The Netherlands has put in place several initiatives to make the construction of buildings energy neutral by 2050.  The goal is to incorporate the loss of energy and materials utilized in the construction of the building to be minimized by the long term viability of the building design.  New buildings will utilize the ecosystem services wherever they can.  Ecosystem services provide benefits through the natural environment.  One ecosystem service that is easy to provide in the Netherlands is water storage as they receive a large amount of rainfall every year. Through the use of on-site water storage, the building can provide much more water over the course of the building’s life than was used in the construction.

Figure 1 – Circular Economy in the Construction Sector (MIE, 2016)

Demolition waste is easily reused in other construction projects in the Netherlands.  85% of demolition waste is ground up into granulate and used as foundation base on other projects.  It is key to have a solid, well-compacted foundation in the Netherlands as most of the country lies below sea level with somewhat saturated soils.  Figure 1 shows how the demolition waste is recycled.  “Soil & Civil Engineering” is the granulate used for foundation at other construction sites.  The same can be said for road projects in the Netherlands.  Roads after one life cycle can be reusable for new roads and then are processed and used as road base after more than one life cycle.

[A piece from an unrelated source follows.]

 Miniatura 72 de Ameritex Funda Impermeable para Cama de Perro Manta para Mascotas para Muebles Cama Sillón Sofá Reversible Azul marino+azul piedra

The Circular Economy Plan also must provide plenty of incentives for companies to develop further technologies that can be implemented to drive sustainable practices in the construction sector.  The Netherlands has set up a system called “Green Deals.” These deals encourage both private and public companies to come up with solutions to close the material loops while also stimulating economic growth (Government of the Netherlands).  “Green Deals” have already been established in the innovative use of bio-based construction materials.  Other “Green Deals” established have been based on implementing natural solutions to building climate control and energy efficiency in building operations.

The Netherlands has been proactive on their approach to adapting a circular economy.  One of the most important aspects of their plan is the continued efforts to reach out and communicate with other countries to assess what works and what doesn’t in terms of sustainable practices.  The Ministry of Infrastructure and the Environment has organized teams from various sectors to come together and collaborate on innovative initiatives to achieve the most sustainable practices in the construction sector.  The government has taken an active role in monitoring the progress and implementation of construction sustainability practices (MIE, 2016).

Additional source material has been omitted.